## What you need to do
Although the data below holds other lines too, output only those from the line with "1980s Leather Bomber" up to and including the line with "Palm Trees Embroidered Foam trucker hat", exactly as they appear.

## Supplied data
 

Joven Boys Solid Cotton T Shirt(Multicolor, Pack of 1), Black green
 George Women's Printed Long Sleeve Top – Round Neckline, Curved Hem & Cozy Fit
...
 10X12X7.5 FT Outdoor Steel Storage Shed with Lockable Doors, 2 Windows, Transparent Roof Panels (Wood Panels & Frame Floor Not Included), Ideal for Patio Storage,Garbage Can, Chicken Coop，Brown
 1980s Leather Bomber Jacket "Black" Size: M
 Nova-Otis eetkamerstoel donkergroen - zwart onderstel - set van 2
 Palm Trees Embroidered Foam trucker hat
...
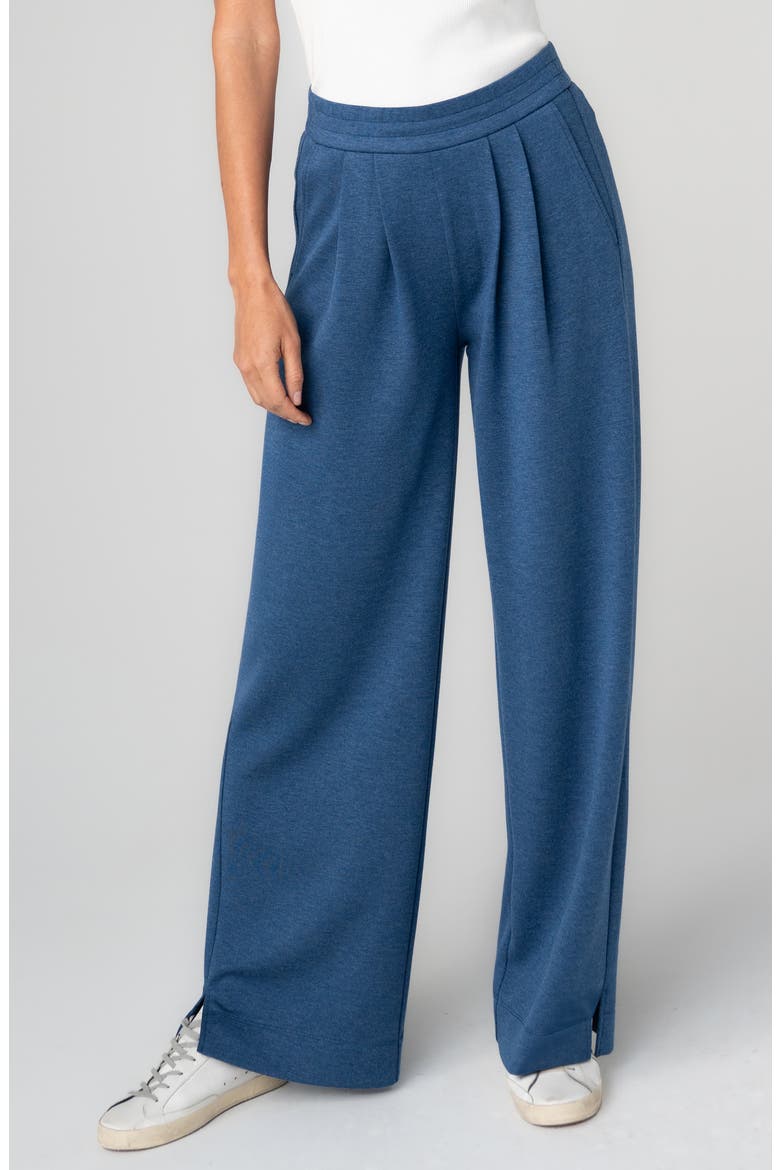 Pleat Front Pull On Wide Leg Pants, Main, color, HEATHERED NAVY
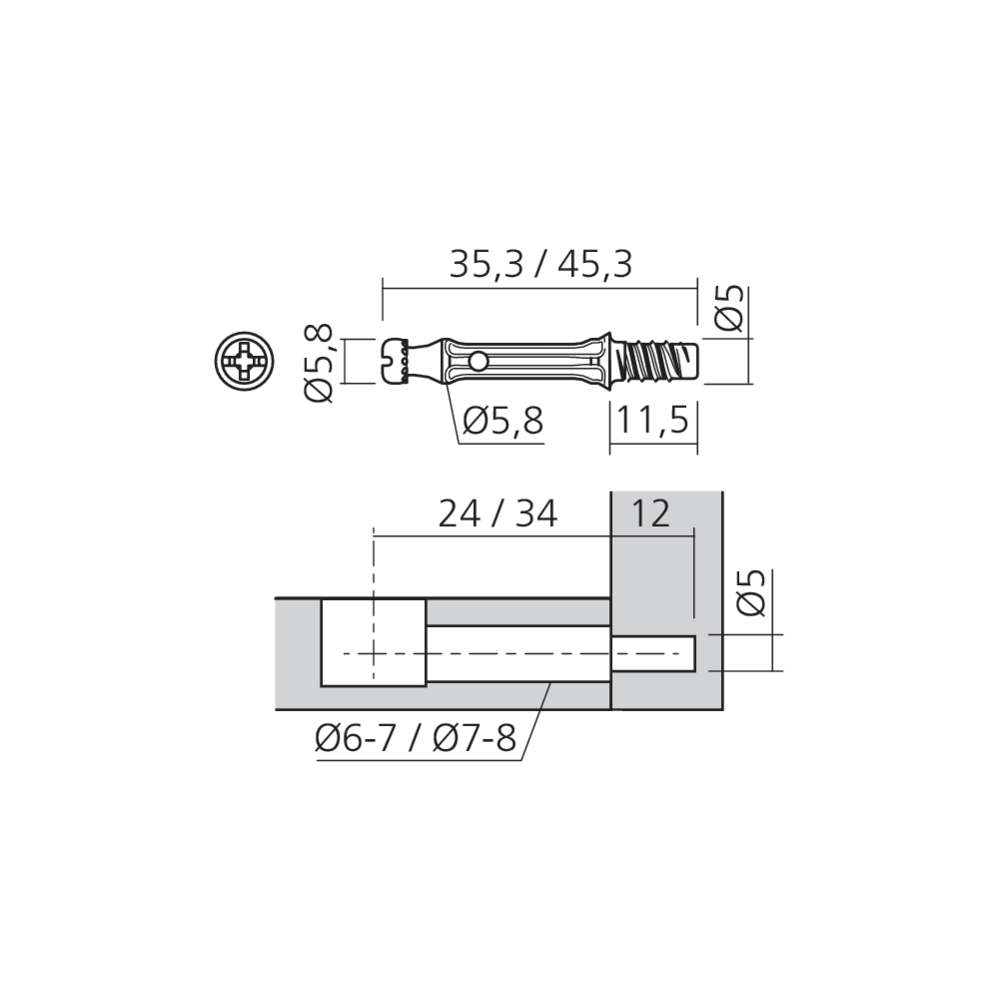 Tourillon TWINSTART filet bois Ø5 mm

## Problem solution
 1980s Leather Bomber Jacket "Black" Size: M
 Nova-Otis eetkamerstoel donkergroen - zwart onderstel - set van 2
 Palm Trees Embroidered Foam trucker hat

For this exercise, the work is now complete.